The Saudi reformist thinker Ibrahim al-Buleihi expressed his admiration for Western civilization in an interview 2009, stating that “Western civilization is the only civilization that liberated man from his illusions and shackles; it recognized his individuality and provided him with capabilities and opportunities to cultivate himself and realize his aspirations.” Self-criticism is a precondition to any change for the better, and Mr. Buleihi thinks Muslim culture lacks this. Here he is, as quoted by the Middle East Media Research Institute (MEMRI):
“When we review the names of Muslim philosophers and scholars whose contribution to the West is pointed out by Western writers, such as Ibn Rushd, Ibn Al-Haitham, Ibn Sina, Al-Farbi, Al-Razi, Al-Khwarizmi, and their likes, we find that all of them were disciples of the Greek culture and they were individuals who were outside the [Islamic] mainstream. They were and continue to be unrecognized in our culture. We even burned their books, harassed them, [and] warned against them, and we continue to look at them with suspicion and aversion. How can we then take pride in people from whom we kept our distance and whose thought we rejected?....these [achievements] are not of our own making, and those exceptional individuals were not the product of Arab culture, but rather Greek culture. They are outside our cultural mainstream and we treated them as though they were foreign elements. Therefore we don't deserve to take pride in them, since we rejected them and fought their ideas. Conversely, when Europe learned from them it benefited from a body of knowledge which was originally its own because they were an extension of Greek culture, which is the source of the whole of Western civilization.”

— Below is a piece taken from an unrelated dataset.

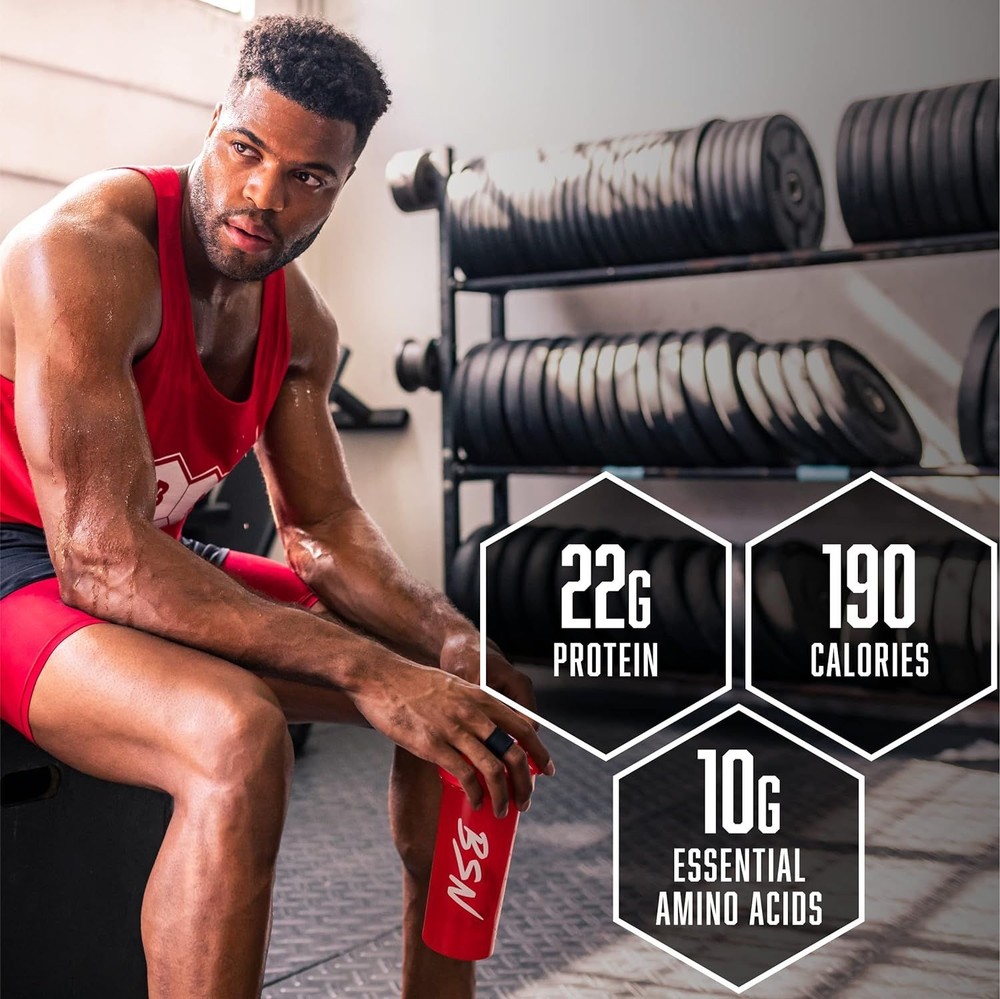 BSN SYNTHA 6 VAN ICE CREAM 5LB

In medicine, there is the phenomenon of “transplant rejection,” which happens when an organ is transplanted into another body and that body's immune system rejects it as an alien intrusion. This is a useful analogy to keep in mind when assessing how Muslims and Christians treated Greek natural philosophy during the Middle Ages. Muslims did engage the Greek heritage, but only parts of it, and eventually even this limited acceptance was rejected by conservative theologians such as al-Ghazali. The immune system of Islamic culture considered Greek philosophical ideas to constitute an alien intrusion into its body, fought them and ultimately rejected them. In contrast, for Christian culture, the Greek philosophical heritage did not constitute something alien. Christians did not accept all parts of the Greek heritage as valid for them, but most of them didn’t consider Greek logic, modes of thinking and philosophical vocabulary per se to be something alien and hostile. We could say that Christianity was a Jewish child, baptized in water steeped in Greek philosophical vocabulary and raised in a Greco-Roman environment. This new synthesis was personified by Saint Paul, a Greek-speaking Jew, a follower of the teachings of Jesus of Nazareth and a Roman citizen.